It was an ideal situation for us all: they got some bonding time while I worked, and I avoided having to eat pizza.

It’s not that I hate pizza. In theory, it has all the things I love: warm, soft dough; cheese; veggies; tomatoes; and room to really get creative. But somehow these elements don’t add up to a culinary whole for me. I just don’t really like pizza. I mean, if there were nothing else to eat, I could choke it down. And I have. But . . . why should I when there are so many food choices out there?

In San Diego, the tradition continued. Thursdays were pizza days. Again, ideal for everyone. They got to eat even better pizza because, as we all know, Bronx Pizza is pretty much the best there is. And I got some time to myself to write.

But then dad leaves for a six-month vacation we like to call “Afghanistan” and now I have to step up with the tradition. It’s not that I can replace my son’s father. But pizza date is a sacred space for my son, so I want to honor it.

Again, I strongly dislike pizza. I once cried in the bathroom of a pizza place in New York City because I had to eat pizza. There are so many other ways I’d like to put 500 Calories into my body [coughwinecough]. However, I started “honoring” my son’s sacred space by doing it the only way I know how: passive aggressive with a bad attitude.

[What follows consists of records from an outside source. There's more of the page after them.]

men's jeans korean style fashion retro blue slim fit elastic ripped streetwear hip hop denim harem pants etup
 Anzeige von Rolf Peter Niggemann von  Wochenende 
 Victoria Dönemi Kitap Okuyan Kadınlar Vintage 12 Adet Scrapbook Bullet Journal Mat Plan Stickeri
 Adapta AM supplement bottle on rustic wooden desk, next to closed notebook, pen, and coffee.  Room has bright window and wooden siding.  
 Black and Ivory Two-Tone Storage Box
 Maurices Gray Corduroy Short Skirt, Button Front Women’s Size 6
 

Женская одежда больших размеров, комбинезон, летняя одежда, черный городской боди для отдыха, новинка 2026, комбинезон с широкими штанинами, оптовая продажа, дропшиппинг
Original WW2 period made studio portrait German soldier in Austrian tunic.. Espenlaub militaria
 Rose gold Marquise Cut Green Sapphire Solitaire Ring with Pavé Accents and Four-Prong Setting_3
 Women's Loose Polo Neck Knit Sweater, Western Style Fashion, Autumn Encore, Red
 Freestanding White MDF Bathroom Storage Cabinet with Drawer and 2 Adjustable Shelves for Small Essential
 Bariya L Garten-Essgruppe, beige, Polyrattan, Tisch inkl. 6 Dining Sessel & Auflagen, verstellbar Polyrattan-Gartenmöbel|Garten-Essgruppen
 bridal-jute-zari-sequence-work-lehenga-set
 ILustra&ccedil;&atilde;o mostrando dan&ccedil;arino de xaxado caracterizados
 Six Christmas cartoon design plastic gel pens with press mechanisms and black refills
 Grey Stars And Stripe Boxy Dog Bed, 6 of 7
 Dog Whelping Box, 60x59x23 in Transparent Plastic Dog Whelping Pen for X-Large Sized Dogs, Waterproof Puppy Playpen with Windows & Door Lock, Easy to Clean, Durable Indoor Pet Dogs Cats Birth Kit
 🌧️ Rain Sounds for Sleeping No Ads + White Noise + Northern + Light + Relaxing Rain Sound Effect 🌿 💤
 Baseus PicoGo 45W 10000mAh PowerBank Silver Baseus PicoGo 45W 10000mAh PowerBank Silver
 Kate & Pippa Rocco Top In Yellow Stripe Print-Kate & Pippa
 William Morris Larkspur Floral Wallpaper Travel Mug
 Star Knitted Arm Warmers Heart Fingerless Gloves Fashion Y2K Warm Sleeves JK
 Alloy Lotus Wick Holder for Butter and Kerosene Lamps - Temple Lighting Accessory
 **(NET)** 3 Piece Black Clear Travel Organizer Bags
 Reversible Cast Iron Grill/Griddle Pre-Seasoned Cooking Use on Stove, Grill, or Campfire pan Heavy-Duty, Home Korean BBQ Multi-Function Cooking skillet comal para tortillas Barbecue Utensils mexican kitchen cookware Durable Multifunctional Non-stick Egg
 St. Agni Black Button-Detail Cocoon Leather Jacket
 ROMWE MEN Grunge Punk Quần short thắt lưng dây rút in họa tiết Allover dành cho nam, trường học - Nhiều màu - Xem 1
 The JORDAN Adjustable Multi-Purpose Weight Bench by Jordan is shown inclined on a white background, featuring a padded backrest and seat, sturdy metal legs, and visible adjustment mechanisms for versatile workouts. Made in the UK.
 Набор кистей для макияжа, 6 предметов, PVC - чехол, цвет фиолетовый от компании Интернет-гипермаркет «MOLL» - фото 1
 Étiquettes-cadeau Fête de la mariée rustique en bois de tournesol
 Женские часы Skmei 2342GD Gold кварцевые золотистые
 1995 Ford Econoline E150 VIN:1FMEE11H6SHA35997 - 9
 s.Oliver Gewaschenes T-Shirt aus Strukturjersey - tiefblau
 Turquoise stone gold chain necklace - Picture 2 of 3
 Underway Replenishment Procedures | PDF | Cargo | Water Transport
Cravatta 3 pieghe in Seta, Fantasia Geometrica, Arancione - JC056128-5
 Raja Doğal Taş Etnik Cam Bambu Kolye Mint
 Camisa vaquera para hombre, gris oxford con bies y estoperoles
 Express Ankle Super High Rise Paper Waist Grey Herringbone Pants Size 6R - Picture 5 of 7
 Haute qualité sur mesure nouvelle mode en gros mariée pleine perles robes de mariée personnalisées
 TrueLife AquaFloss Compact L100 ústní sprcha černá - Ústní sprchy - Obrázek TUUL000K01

“Are you sure you want pizza? We could get Thai food.”
“Yes, I want pizza, but we can do pizza every other week and do Thai food the other time.”

“Are you sure you want Bronx? We could go somewhere else that has more of a selection.”
“Yes, I want Bronx, but sometimes we can go to Luigi’s.”

“Mom, why aren’t you eating with me?”
“Oh, you know, I’m not very hungry. But I’m sitting here. Isn’t this fun?”
“I guess so.”

And so it’s gone for two months. My son is getting his pizza, but he’s not getting what the pizza date is really about. I am not building with him that sacred space of breaking bread together as we talk about our days and discuss life in general. I am not honoring the tradition at all. I am merely going through some rote motions with a bad attitude so that I can say, “you got your pizza. What more do you want, you insatiable cavern of want? What about my needs? MY NEEDS?” [and then I grab a bottle of wine and run into the bedroom sobbing]

The thing is, my son doesn’t want pizza (well, he does, but that’s not only what he wants). He wants that connection time. He wants camaraderie. Which is why (and you probably could see right way from those snippets of conversations above what took me two months to see) he is being super gracious and compromising his pizza date. He wants me to interact with him in this. To meet him in it. He knows I don’t like pizza, and he is willing, eight-year-old boy that he is, to meet me halfway.

One of the things I want to do with my son is to honor his individual humanness. To show him that he is valued for what he is. By making him feel as if his pizza date is an inconvenience to me, I do the exact opposite. I make him feel even more bereft of connection that he is already missing because his father is gone.

I can’t replace my son’s father. But I can honor my son’s sacred space.

So today, when we get pizza, I will eat a slice of spinach and ricotta white pizza. I won’t think about it as Calories I am wasting but as Calories of love.